From his 12 years in the U.S. Army, James Clark remembers one conversation above all others. He was in Bosnia, in the heart of combat, talking with his comrades about what they would want their kids to be able to do if the soldiers didn’t return home.
“If something were to happen to me,” he recalls saying. “I want you guys to make sure my kids get to go to a place like Montana, learn how to fish and set up a tent and do those things. It’s about having some dirt under their feet instead of concrete and asphalt.”
Now Clark, who has been coming to Montana to fish for 15 years, is making sure the kids of fallen soldiers get that chance with a program called Guide On that features a weeklong camp in the Flathead.

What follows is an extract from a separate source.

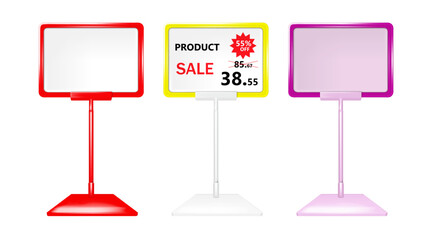 Wall Mural - Pop display stand isolated on white background color mock-up set. Shelf label for retail store vector mockup. Supermarket price tag holder board. Easy editable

The camp runs Aug. 14 to Aug. 21.
Guide On, powered by its Web site www.guideon.org, is a nonprofit organization that teaches kids who have lost parents in war leadership and skills training. Most importantly, it gives them a chance to spend time with other kids in the same situations.
“One thing is that they’re not alone,” Clark said. “There are other kids like them. No one is going to ask them where their dad is, like they might somewhere else.”

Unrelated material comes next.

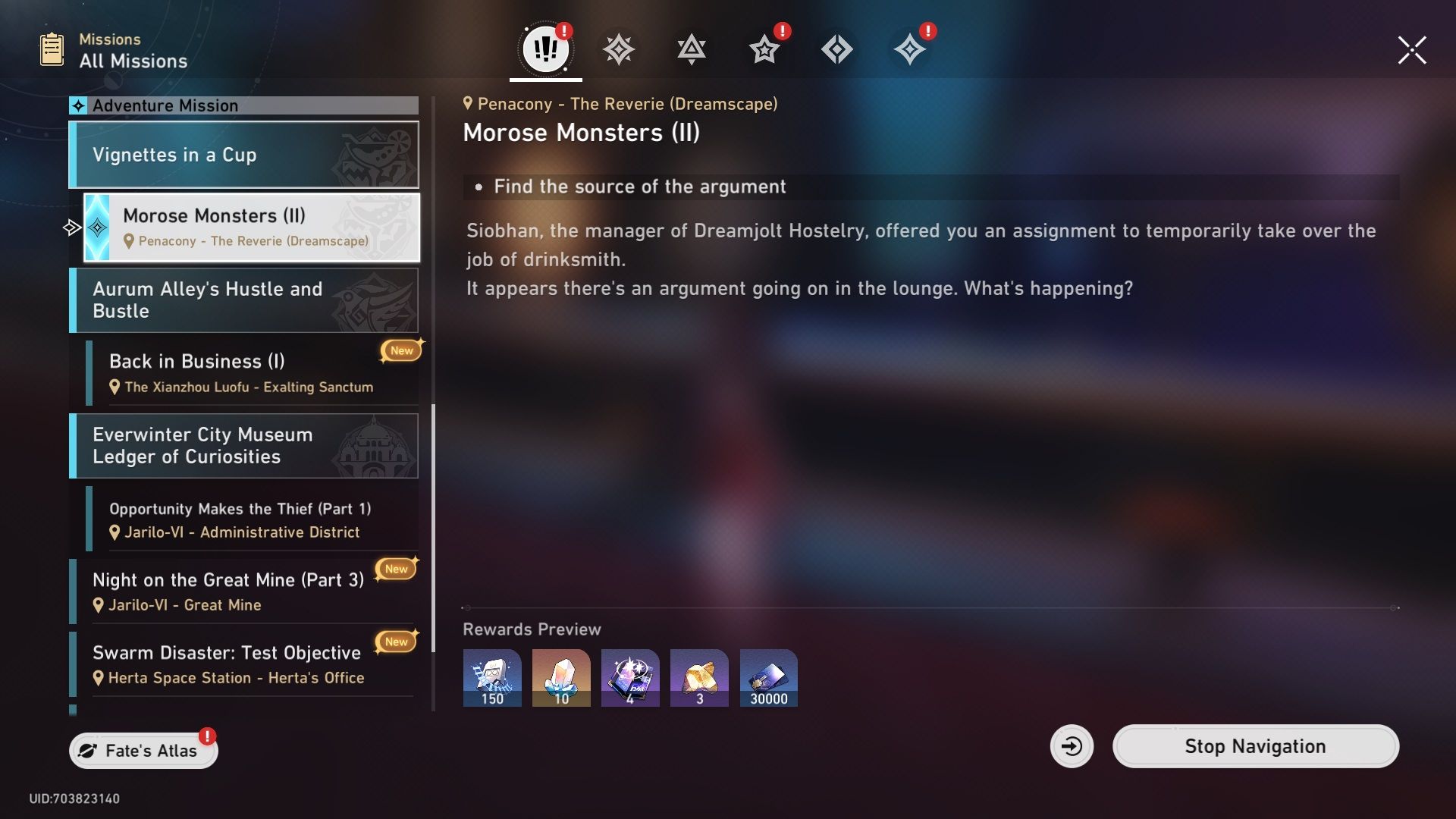 Mission screen displaying Vingettes In A Cup event missions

Clark thought about developing a program like Guide On for years after the conversation in Bosnia. It wasn’t until his best friend was killed in Iraq in May 2006 that he decided to turn the idea into reality. His friend, Matt Worrell, left behind two boys, who attended Guide On’s first camp in San Diego, where Clark lives, and will be at the one in the Flathead.

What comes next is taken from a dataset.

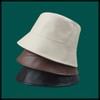 White Fang CZ246 Leather Bucket Hat, Cool, Plain Hat, Stylish,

Camille Worrell, Matt’s wife, said she thought Guide On was a great idea when she first heard about it, but didn’t know if it would get off the ground.
“People try to start things all the time,” she said. “They don’t come to fruition. What’s amazing about this is not that it’s taken off, but how it’s taken off.”
“It’s so overwhelming, in a good way,” she added. “What a difference he’s made in (the kids’) lives.”
On Aug. 2, Tim McGraw had a concert in San Diego and mentioned Debbie Lee’s son, Marc Lee, who was the first Navy SEAL to die in Iraq, Clark said. Ms. Lee has gotten close to Clark through Guide On. After the concert and a radio appearance by Ms. Lee, somebody called in and donated a sailboat to Guide On. Clark works out of a donated office space in San Diego and has a long list of other donations.
Support has been amazing everywhere, Clark said, but Montana’s is particularly amazing. He told a story about chatting with a woman who had a soldier commemoration sticker on her car in the parking lot of Sportsman Ski Haus. At the end of the conversation she wrote him a check for the camp.
“Just right there in the parking lot,” he said.
The Flathead camp will feature 14 CPR-trained counselors and four volunteers. Planned activities include floating the river, archery with a donated 3-D target, lots of sports and anything else the kids want.
“It’s any and all things,” Clark said. “Just open your mind about how we can help these kids.”
Clark, who has been operating the project primarily on his own dwindling bank account, is prepared for 10 kids at the camp, as he prefers to keep it small. He had eight but two backed out because of scheduling complications. He would love to find at least two other kids who will benefit from the camp. Everything is paid for, he said.
Clark wants to set up a permanent camp in the Flathead starting next summer. His plan would call for 250 kids from around the nation throughout the summer. He said he’s confident that he’ll find somebody who will donate enough land, possibly 40 acres, for the project. Contractors have already expressed interest in helping out, and so have organizations like the Bigfork Fire Department.
“It’s amazing,” he said. “That’s the kind of support we’ve seen in Montana.”